The roller base 13 is integrally formed with the flange 11 with a material having a relatively high thermal conductivity and linear expansion coefficient, and is rotatably supported by bearings 12 at both ends. The heating element 14 arranged inside the roller base 13 is composed of three independent halogen heaters 14a (main heater), 14b (sub heater F), 14c (sub heater R), and is mechanically fixed to the apparatus side plate. ing. The heater 14 a (main heater) has a heat generating portion in a region inside the both ends in the width direction centering on the center in the width direction of the fixing belt 1, and the heater 14 b (sub-heater F) is one end in the width direction of the fixing belt 1. The heater 14 c (sub-heater R) has a heat generating portion in a region near the other end in the width direction of the fixing belt 1. Then, all the heaters 14 a, 14 b, 14 c are energized to generate heat, and the temperature of the fixing belt 1 is raised to nearly 200 ° C. via the roller base material 13. At this time, the roller base 13 is thermally expanded at the heat generating portion of each heater. For example, if the outer diameter of the driven roller 3 is φ20 mm and the material of the roller base 13 is zinc die casting, the outer diameter of the driven roller 3 is about φ21.3 mm (Zn linear expansion coefficient is 33 × 10 ^{– 5} / ° C.).

  On the other hand, when the fixing belt 1 is rotated and moved to continue the fixing operation, the fixing belt 1 is shifted in the width direction due to various factors. A sensor 6 shown in FIG. 4 is a photo interrupter, and detects a state in which the fixing belt 1 approaches a predetermined amount in the width direction.

  In the above configuration, FIG. 1 shows a belt shift control state when a shift of the fixing belt 1 is detected. In FIG. 1, when a shift in the left direction in the figure is detected while all the heaters 14 are heated. The energization of the heater 14c (sub heater R) in the right direction in the figure is stopped by a control unit (not shown). At this time, if the roller temperature near 200 ° C. is reduced by about 20 ° C. in the vicinity of the heater 14c in other regions, the outer diameter of the driven roller 3 has a gradient of 120 to 130 μm.

  FIG. 5 shows the relationship between the forces received by the fixing belt 1 in a state where the gradient of the outer diameter of the driven roller 3 is generated.

  The fixing belt 1 receives a uniform force F in the normal direction of the roller surface in the belt width region, but in the same figure, due to the gradient of the surface of the driven roller 3 formed by the difference in thermal expansion between the heating part and the non-heating part, A force that moves the belt in the width direction acts in the middle-up direction.

  On the other hand, if the friction coefficients of the fixing belt 1 and the driven roller 3 are different in the belt width direction, a force that opposes the action direction may be applied. However, when the roller diameter is varied by heat as in the present invention, the friction is reduced. There is no significant change in the coefficient, and the belt offset force is governed by the acting force in the normal direction of the roller surface.

  In this embodiment, a halogen heater is used as the heating element. However, a ceramic heater or an electromagnetic induction heating element may be divided in the belt width direction.
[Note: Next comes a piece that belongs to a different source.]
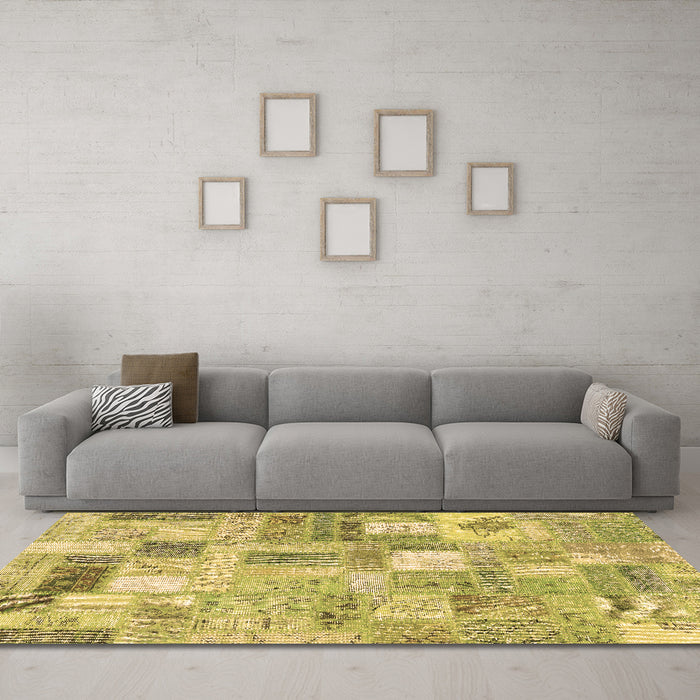 Machine Washable Patchwork Brown Transitional Rug in a Living Room,, wshcon2908brn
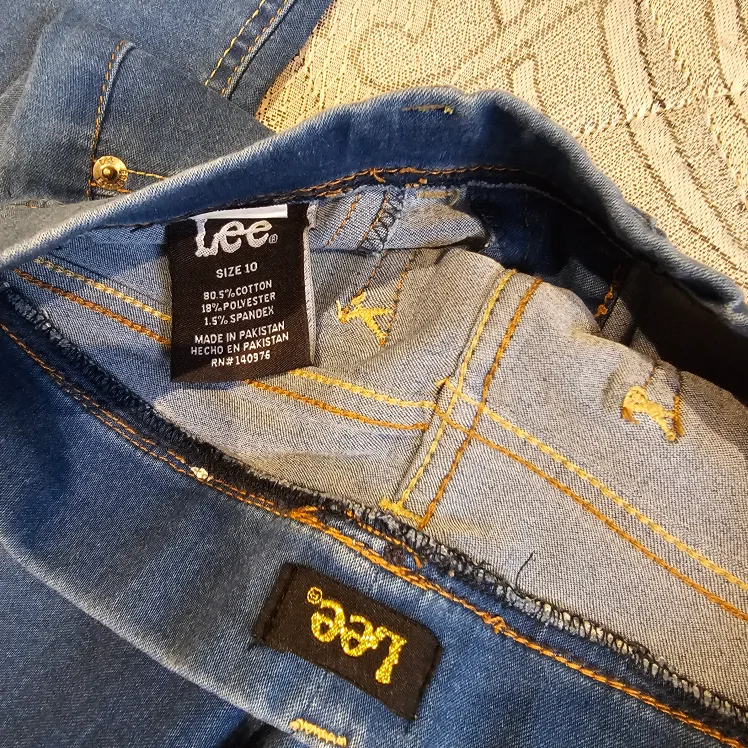 Lee Women's Size 10 Pull-On Jeans image indicator(3)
  Further, in the present embodiment, the end heater in the direction in which it is desired to correct the deviation of the belt during the fixing operation is stopped, but the energization amount is decreased, or as shown in FIGS. When the fixing operation is not performed, the roller may be heated and expanded only at the end portion in the belt shift direction to control the shift.
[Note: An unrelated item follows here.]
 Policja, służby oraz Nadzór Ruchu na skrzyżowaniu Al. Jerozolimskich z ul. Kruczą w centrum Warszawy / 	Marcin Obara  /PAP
  Furthermore, in this embodiment, the heating element is disposed on the driven roller, but it may be disposed on any of the rollers that suspend and support the fixing belt, such as a driving roller and a tension roller.
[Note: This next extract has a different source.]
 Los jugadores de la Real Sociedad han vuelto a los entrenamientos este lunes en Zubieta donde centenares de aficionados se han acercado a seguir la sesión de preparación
  It is generally known that the effect of moving the belt in the width direction is increased when the diameter of the tension roller is varied or when the diameters of a plurality of rollers are varied simultaneously.

  The embodiment is not limited to this, that is, detecting the shift state of the fixing belt, and receiving the detection result, the light distribution of the belt suspension tension support roller is made smaller than the end portion in the shift direction. As long as the configuration is the same, the same effect can be obtained.

  The present invention can be applied to a belt shift control device of a belt fixing device provided in an image forming apparatus such as a copying machine, a laser beam printer, or a facsimile.

FIG. 5 is a cross-sectional view illustrating a belt shift control state in the belt fixing device according to the embodiment of the present invention. It is sectional drawing which shows the shift | offset | difference control state of the 2nd belt in the belt fixing apparatus of embodiment of this invention. It is principal part sectional drawing which shows the belt shift control structure in the belt fixing apparatus of embodiment of this invention. 1 is a schematic longitudinal sectional view of a belt fixing device according to an embodiment of the present invention. It is explanatory drawing of the belt deviation control action of embodiment of this invention. It is explanatory drawing of the 2nd belt deviation control action of embodiment of this invention.

Explanation of symbols

DESCRIPTION OF SYMBOLS 1 Fixing belt 2 Drive roller 3 Driven roller 4 Tension roller 5 Pressure roller 6 Sensor 11 Flange 12 Bearing 13 Roller base material 14 Heating body (heater)

Claims (1)

A driving roller for driving the endless belt, one or more driven rollers for stretching the endless belt, and at least one of the driving roller or the driven rollers has a heating body, and the endless belt is heated and suspended. In the belt fixing device that supports the tension,
A heating body is disposed at least near both ends of the endless belt in the longitudinal direction of the roller, and a heating control means capable of changing the relative heating amount of the heating body on one end side and the heating body on the other end side, and the width direction of the endless belt A detecting means for detecting the deviation, and based on the detection result of the detecting means, the heating amount on one end side and the other end side is controlled so that the edge direction in the belt deviation direction> the other end. A belt shift control device for the belt fixing device.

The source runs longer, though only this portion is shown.